TASK ITEM: Please set down every record exactly as it appears below.
START RECORDED DATA
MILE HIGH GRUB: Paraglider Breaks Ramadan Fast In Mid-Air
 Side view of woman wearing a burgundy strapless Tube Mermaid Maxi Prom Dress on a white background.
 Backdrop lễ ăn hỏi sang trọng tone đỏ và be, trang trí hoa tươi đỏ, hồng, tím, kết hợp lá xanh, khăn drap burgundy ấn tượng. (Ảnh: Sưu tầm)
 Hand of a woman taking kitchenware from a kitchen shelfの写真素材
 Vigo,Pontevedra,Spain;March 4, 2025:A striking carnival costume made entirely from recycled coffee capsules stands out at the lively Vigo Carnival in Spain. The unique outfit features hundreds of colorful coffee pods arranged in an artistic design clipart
END RECORDED DATA
SOLUTION TO THIS PROBLEM:
MILE HIGH GRUB: Paraglider Breaks Ramadan Fast In Mid-Air
 Side view of woman wearing a burgundy strapless Tube Mermaid Maxi Prom Dress on a white background.
 Backdrop lễ ăn hỏi sang trọng tone đỏ và be, trang trí hoa tươi đỏ, hồng, tím, kết hợp lá xanh, khăn drap burgundy ấn tượng. (Ảnh: Sưu tầm)
 Hand of a woman taking kitchenware from a kitchen shelfの写真素材
 Vigo,Pontevedra,Spain;March 4, 2025:A striking carnival costume made entirely from recycled coffee capsules stands out at the lively Vigo Carnival in Spain. The unique outfit features hundreds of colorful coffee pods arranged in an artistic design clipart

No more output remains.